2) When your manifold is embedded in a vector space $$E$$ (with a finite dimension), then two paths are equivalent iff they have same linear derivative at $$t=0$$ (as smooth functions from an interval to $$E$$). So you can represent each equivalence class in the tangent space by the underlying common derivative of the paths at $$t=0$$, which is a vector from $$E$$, and you get an embedding $$T_x M \rightarrow E$$. Now, when $$M$$ is a matrix group, it is embedded in the space of square matrices, thus so are ots tangent spaces.
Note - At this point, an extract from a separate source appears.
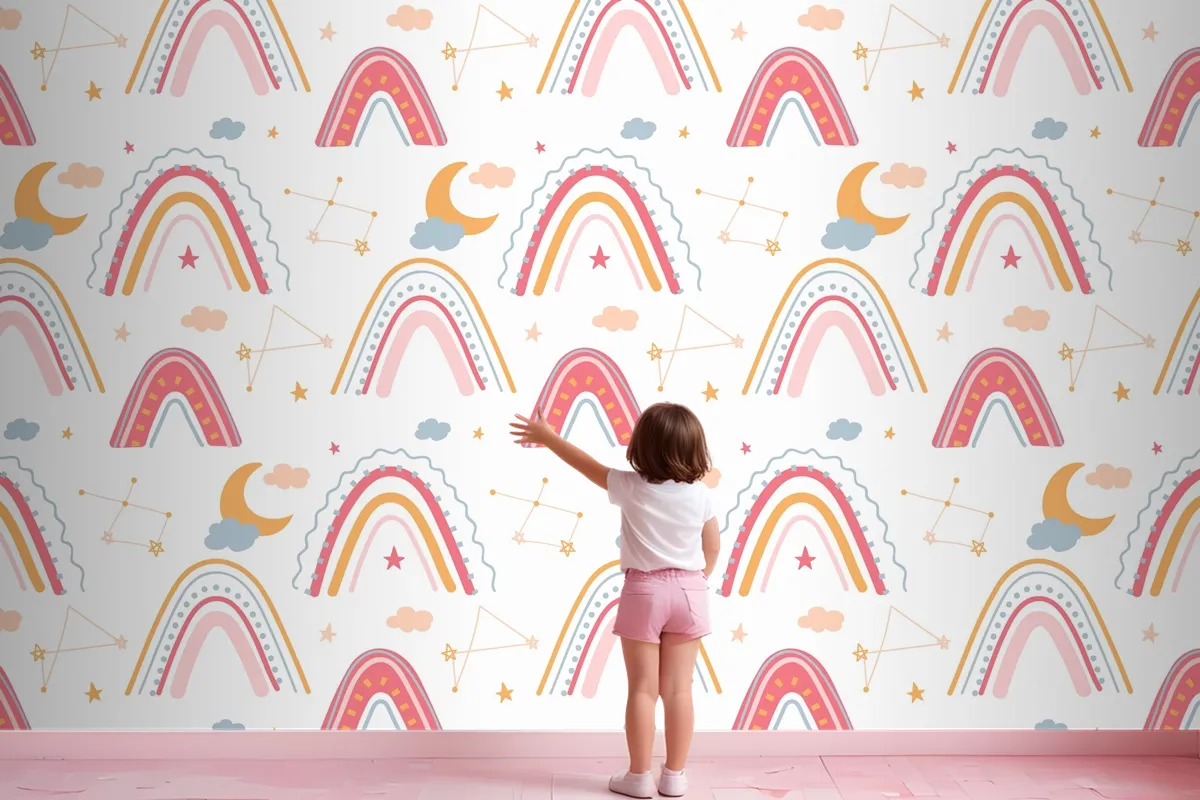 Hand Drawn Rainbow Pattern Wallpaper Mural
3) The definition of the tangent space using derivations is pretty clean and satisfying (not that your physics people would care ;) ). It can however sometimes be inconvenient (when proving, say, that the tangent bundle exists as a manifold).

• Thanks for the answer. I kind of hoped for an answer that would circumvent the definition in terms of tangents to curves as I feel I dont understand it very well. Could you expand on how the $\gamma'$ can be seen as matrices, as I dont really understand your explanation/the bijection you mention. Dec 13, 2018 at 0:45
• Hey, thanks for the edit. If I understand your answer correctly now, the answer to my question lies really in fact that my manifold is embedded in a vector space E whose tangent spaces is isomorphic to E and thus I also have an embedding $T_x M\to E$ as you write. I might miss something, but where is the explicit definition of the tangent spaces (be it in terms of derivations or tangents to curves) even important? Dec 13, 2018 at 11:10
• Not really, but at some rather close point you will have to give the set of all tangent spaces a manifold structure (you get the tangent bundle). And it is somewhat easier if you consider tangent paths. Dec 13, 2018 at 11:35

Let $$\gamma$$ be a curve in the matrices; that is $$\gamma:(-\epsilon,\epsilon) \rightarrow G$$ such that $$\gamma(0)$$ = $$I$$. We want to know the possible tangent vectors to these curves. From what everyone has said, we can view this as a curve into $$\mathbb{R}^{n^2}$$. We know from calculus, that every v $$\in \mathbb{R}^{n^2}$$ is a possible tangent vector. So it may be easier to see that every matrix is a tangent vector when we view $$\gamma$$ as a matrix curve.